The undeviating and uniform identity of the features and general character of countenance, which accompany the Jews, wherever they settle, is one of the most curious phenomena in nature; climate and all those physical circumstances belonging to localities, which work such wonderful changes in the physical character of man, appear to have no influence upon the tribe of Israel. The circumcised of Monmouth-street is as like that of Judea-Gape, in Frankfort, as two individuals of the same nation can be; let them be by birth and residence German, English, Russian, Portuguese, or Polish, still the one and only set of features belonging to the race will be seen equally in all.—Granville's, Tour.

FRENCH MUSIC

About the year 1760, Piccini, who was the Rossini of his day, was called to Paris to reform the grand opera. The French, roused by the elegant tirades of Rousseau, and the piquant witticisms of all the foreigners who visited Paris, began to conceive it possible that their music was not the finest in the world. The reform which Piccini introduced, was however, but partial, and the French insisted on having Italian music adapted to French words. They have still an opera of their own; but nothing can be more noisy, or less harmonious than the music at the Académie Royale—all tumult, glitter, and show. There is no ballet, except that incidental to the opera; but in scenery and machinery they surprise the English visiter. The French military bands too are equally discordant; so fond are they of drums, that they seem to have converted the tympana of their ears into parchment.

MATHEMATICS

We consider it quite possible to bring down to ordinary capacities even the truths of pure mathematics, by the substitution of a less general and precise species of evidence. We have ourselves made the attempt, and hence we are satisfied of its entire practicability. Into what a small space would the useful and practical truths of geometry be reduced, were we to dispense with the auxiliary propositions which are required merely to complete the rigid process of demonstration. How simple, for example, would be the doctrine of parallel lines!—Foreign Review.

THE SOUTH SEAS

The government of the United States are fitting out a commercial expedition to explore the South Seas.
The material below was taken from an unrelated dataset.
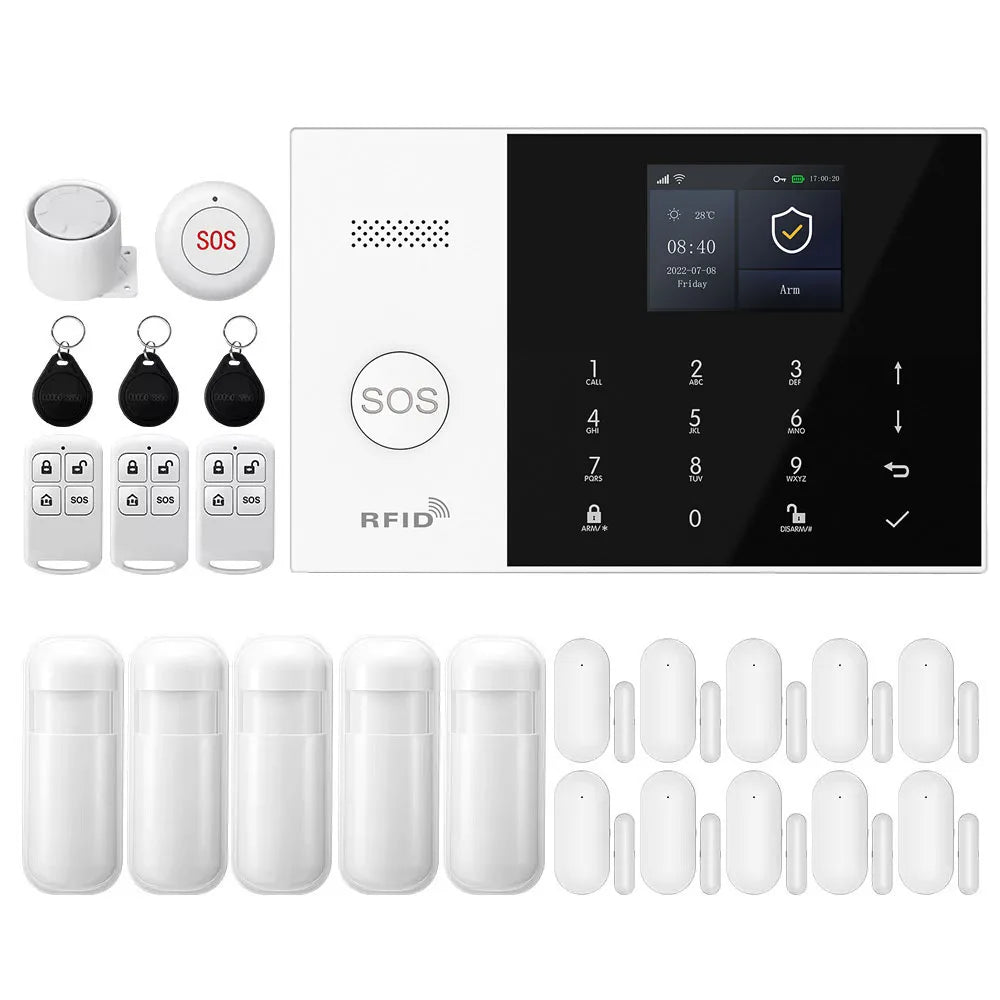 PGST 4G WiFi Security Protection House Alarm System Tuya Alexa Alarm Security System Kit Set Smart Life Home Door Motion Sensor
The vessels are to stay long enough to complete the necessary inquiries, to ensure the safety of the traders, and to give time for the establishment and consolidation of relations of reciprocal utility. The advantages which it is evident America must derive from this undertaking will, it is supposed, not cost more than 50,000 dollars—Lit. Gaz.

THE OPERA

Rousseau defines the opera to be a dramatic, lyrical, and scenic representation, in which agreeable sensations are conveyed by the combined effect of all the fine arts, the poetry and action being addressed to the mind, the music to the ear, and the scenic decorations to the eye of the spectator.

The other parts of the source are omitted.